» Scraped caption text data
--- START ---

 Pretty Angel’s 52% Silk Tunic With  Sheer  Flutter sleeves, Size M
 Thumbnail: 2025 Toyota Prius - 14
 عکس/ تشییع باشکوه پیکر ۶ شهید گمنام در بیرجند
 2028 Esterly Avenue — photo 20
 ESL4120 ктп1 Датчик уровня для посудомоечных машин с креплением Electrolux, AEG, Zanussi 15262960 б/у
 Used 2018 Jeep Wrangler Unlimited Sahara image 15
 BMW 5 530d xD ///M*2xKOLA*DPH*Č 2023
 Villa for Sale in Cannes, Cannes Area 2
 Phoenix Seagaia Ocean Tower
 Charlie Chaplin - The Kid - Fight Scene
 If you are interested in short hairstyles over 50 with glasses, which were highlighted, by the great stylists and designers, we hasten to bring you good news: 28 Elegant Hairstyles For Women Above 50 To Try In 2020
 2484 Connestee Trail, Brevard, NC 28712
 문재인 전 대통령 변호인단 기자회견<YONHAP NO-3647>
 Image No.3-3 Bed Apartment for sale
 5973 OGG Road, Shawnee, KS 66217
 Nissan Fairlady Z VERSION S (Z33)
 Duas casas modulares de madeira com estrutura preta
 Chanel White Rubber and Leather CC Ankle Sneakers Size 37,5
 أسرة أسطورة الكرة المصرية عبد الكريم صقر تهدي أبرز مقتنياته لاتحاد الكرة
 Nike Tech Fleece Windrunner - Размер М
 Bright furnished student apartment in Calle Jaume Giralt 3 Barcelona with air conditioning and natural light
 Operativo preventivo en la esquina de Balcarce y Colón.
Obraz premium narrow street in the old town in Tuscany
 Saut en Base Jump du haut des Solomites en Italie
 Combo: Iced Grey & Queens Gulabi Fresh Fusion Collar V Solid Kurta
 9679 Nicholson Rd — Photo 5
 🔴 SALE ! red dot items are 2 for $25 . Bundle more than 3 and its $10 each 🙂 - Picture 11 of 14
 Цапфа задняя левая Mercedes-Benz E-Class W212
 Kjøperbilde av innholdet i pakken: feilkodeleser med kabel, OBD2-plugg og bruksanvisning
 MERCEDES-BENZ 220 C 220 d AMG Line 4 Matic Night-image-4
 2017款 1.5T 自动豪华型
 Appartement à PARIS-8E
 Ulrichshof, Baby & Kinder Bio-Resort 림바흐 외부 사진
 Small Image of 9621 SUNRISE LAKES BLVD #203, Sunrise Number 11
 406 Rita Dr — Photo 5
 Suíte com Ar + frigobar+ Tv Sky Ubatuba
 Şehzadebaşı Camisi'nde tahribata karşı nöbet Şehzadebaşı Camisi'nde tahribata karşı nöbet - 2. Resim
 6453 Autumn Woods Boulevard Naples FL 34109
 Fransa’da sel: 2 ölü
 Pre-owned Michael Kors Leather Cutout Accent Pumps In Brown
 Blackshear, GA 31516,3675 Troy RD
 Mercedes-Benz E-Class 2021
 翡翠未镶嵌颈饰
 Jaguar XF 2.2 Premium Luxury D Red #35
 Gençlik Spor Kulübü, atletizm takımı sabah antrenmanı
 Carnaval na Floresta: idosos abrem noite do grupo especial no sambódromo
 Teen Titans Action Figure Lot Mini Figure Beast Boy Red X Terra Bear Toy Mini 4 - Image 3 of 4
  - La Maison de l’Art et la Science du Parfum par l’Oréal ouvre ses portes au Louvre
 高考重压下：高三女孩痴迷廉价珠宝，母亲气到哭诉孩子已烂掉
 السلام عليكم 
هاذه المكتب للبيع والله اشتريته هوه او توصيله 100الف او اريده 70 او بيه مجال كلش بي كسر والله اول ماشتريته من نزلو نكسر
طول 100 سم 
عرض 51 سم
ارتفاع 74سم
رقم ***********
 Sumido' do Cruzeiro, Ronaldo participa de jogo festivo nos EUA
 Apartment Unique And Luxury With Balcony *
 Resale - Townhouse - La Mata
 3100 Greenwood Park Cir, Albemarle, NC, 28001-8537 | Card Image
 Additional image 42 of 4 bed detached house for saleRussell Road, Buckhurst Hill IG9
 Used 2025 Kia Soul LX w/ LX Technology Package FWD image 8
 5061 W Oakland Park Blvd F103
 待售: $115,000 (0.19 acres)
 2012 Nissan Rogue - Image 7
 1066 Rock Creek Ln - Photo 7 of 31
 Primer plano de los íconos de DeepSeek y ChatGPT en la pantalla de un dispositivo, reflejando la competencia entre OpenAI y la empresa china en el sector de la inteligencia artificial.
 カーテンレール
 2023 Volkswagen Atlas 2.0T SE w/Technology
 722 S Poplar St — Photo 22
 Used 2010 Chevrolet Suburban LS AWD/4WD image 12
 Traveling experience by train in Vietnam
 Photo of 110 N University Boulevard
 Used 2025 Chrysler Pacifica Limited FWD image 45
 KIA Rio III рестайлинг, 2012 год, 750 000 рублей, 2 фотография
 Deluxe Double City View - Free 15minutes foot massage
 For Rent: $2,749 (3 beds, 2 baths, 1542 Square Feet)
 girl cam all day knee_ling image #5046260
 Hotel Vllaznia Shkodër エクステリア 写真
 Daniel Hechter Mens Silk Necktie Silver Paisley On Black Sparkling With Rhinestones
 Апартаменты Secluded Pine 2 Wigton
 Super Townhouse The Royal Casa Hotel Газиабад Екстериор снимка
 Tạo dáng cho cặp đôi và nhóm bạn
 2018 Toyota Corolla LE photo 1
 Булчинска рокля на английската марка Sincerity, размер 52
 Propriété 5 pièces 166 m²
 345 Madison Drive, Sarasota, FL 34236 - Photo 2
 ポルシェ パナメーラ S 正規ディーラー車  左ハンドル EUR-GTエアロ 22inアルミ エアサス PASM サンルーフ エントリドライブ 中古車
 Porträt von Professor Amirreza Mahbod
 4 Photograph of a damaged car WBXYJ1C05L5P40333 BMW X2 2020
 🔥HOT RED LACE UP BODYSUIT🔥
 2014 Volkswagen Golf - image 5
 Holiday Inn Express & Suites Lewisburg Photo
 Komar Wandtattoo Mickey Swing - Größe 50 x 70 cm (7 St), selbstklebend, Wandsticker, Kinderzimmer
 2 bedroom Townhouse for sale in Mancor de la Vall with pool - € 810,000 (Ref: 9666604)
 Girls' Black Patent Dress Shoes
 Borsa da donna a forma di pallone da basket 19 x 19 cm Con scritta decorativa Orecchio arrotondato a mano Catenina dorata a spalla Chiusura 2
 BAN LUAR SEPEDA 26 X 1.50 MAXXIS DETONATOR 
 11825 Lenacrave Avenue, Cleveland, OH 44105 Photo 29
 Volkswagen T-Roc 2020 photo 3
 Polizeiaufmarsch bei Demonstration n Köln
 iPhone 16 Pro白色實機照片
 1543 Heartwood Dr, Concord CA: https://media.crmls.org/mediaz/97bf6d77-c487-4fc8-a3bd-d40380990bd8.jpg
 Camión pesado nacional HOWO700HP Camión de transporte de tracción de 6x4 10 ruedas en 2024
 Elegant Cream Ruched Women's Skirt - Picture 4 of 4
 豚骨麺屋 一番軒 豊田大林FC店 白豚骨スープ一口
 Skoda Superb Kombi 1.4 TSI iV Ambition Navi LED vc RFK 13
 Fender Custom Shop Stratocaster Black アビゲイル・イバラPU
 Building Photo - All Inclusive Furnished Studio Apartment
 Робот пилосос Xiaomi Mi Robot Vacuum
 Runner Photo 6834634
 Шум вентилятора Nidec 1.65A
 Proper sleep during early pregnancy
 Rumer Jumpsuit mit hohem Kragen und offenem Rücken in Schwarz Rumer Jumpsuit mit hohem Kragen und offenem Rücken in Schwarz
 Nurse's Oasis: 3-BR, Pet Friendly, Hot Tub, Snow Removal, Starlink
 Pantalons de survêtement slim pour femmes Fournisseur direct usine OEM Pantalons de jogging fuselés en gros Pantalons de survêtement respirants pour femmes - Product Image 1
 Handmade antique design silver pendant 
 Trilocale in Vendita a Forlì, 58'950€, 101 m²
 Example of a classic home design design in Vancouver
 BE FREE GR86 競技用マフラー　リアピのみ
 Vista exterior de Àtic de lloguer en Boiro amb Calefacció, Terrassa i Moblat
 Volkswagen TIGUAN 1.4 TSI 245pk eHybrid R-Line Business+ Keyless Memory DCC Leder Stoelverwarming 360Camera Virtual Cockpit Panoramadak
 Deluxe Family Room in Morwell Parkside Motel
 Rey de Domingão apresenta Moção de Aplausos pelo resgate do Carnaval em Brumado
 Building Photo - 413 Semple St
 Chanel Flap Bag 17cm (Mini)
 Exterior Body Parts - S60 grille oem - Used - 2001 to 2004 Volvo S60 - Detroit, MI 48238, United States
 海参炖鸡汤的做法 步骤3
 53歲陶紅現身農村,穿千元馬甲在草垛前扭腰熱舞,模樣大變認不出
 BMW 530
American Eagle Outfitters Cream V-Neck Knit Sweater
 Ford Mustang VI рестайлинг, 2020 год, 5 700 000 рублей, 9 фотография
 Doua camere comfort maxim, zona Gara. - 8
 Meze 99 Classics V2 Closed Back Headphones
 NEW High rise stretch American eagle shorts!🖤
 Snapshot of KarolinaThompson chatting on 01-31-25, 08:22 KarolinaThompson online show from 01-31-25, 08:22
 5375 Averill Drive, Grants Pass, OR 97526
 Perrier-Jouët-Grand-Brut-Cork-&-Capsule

--- END ---

» WHAT YOU WILL DO
Check every line of the data above for the string "рестайлинг", and copy those that have it.

» EXPECTED ANSWER
 KIA Rio III рестайлинг, 2012 год, 750 000 рублей, 2 фотография
 Ford Mustang VI рестайлинг, 2020 год, 5 700 000 рублей, 9 фотография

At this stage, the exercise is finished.